Durante años, grupos enquistados en el poder estudiantil han utilizado la universidad como botín político. Dirigentes que llevan más de veinte años matriculados continúan ocupando cargos y controlando federaciones con fines que poco tienen que ver con la educación. Lo hacen bajo el discurso de la “lucha social” o la “defensa del pueblo”, mientras en la práctica bloquean reformas, impiden el desarrollo institucional y frenan a quienes realmente buscan estudiar y graduarse.
Esa estructura, sostenida por organizaciones que responden a partidos de izquierda, se ha convertido en un sistema que se alimenta del dinero público. Cada protesta, toma o movilización tiene un costo que termina pagando el ciudadano común, el contribuyente que trabaja y financia —sin saberlo— los privilegios de quienes viven eternamente en la universidad sin rendir cuentas.

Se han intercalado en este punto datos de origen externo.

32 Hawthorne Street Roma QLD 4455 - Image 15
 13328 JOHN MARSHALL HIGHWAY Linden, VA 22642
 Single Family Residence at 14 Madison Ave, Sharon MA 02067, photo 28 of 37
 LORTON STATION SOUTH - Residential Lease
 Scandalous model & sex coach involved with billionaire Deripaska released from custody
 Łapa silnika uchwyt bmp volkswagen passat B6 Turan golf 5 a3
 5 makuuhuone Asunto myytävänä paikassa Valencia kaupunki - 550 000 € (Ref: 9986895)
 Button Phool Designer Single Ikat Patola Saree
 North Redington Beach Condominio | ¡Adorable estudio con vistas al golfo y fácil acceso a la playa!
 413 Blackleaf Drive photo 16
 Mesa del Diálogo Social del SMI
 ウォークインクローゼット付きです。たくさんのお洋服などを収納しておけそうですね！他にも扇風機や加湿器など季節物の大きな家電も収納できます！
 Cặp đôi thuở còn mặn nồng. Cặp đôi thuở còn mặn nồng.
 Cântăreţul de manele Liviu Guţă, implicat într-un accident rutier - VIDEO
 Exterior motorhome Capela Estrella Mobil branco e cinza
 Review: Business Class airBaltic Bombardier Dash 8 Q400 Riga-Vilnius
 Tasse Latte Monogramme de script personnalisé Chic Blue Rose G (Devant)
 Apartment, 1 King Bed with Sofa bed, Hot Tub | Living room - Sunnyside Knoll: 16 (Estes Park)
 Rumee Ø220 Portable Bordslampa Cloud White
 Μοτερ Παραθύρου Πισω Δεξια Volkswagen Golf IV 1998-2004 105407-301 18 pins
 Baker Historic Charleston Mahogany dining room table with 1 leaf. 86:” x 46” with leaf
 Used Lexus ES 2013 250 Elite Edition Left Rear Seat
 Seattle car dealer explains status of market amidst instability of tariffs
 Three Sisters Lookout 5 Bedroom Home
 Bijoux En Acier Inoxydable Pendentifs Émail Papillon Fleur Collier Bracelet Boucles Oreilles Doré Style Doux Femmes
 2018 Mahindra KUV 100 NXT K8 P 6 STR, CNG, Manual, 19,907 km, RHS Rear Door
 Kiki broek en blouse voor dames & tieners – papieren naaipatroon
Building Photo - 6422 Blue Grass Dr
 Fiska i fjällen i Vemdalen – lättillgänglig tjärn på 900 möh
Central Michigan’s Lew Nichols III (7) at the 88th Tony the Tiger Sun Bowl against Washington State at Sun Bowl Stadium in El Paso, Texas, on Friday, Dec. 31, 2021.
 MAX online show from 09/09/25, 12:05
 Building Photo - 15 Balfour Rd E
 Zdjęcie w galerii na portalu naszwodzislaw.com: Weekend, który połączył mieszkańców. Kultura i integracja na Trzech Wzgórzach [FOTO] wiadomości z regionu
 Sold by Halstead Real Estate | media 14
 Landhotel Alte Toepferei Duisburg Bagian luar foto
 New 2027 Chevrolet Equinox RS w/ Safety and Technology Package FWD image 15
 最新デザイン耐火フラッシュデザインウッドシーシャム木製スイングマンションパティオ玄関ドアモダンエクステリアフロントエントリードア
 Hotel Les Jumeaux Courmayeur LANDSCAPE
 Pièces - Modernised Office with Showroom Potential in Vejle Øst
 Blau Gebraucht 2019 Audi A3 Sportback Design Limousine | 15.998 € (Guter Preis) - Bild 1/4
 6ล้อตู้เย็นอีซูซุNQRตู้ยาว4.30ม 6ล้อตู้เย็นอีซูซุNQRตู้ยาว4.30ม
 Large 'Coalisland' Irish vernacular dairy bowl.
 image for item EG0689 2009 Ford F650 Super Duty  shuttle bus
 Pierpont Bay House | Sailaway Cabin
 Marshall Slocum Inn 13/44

La autonomía universitaria no puede ser excusa para la impunidad. Fue creada para proteger el pensamiento crítico, no para blindar a quienes usan la institución como herramienta de agitación política. Hoy, la UCE parece más un refugio de activismo partidista que una universidad pública moderna. Sus instalaciones se deterioran, sus procesos académicos se estancan, y los verdaderos estudiantes —los que aspiran a un título y un futuro mejor— se ven arrinconados por un aparato que privilegia el poder antes que el conocimiento.
La sociedad ecuatoriana debe preguntarse hasta cuándo va a tolerar que una institución financiada con sus impuestos funcione como feudo político. No es justo que miles de jóvenes talentosos esperen cupos mientras otros permanecen dos décadas “estudiando” sin graduarse, organizando marchas y negociando favores.
La Universidad Central necesita una intervención ética y moral, un rescate que devuelva su esencia académica. No se trata de vulnerar su autonomía, sino de devolverle el sentido a esa autonomía: formar ciudadanos, no operadores políticos.
Mientras los discursos revolucionarios sigan dominando los pasillos y las consignas reemplacen a las ideas, la universidad pública seguirá siendo rehén de la ideología y la mediocridad. Y eso, más que un problema educativo, es una vergüenza nacional.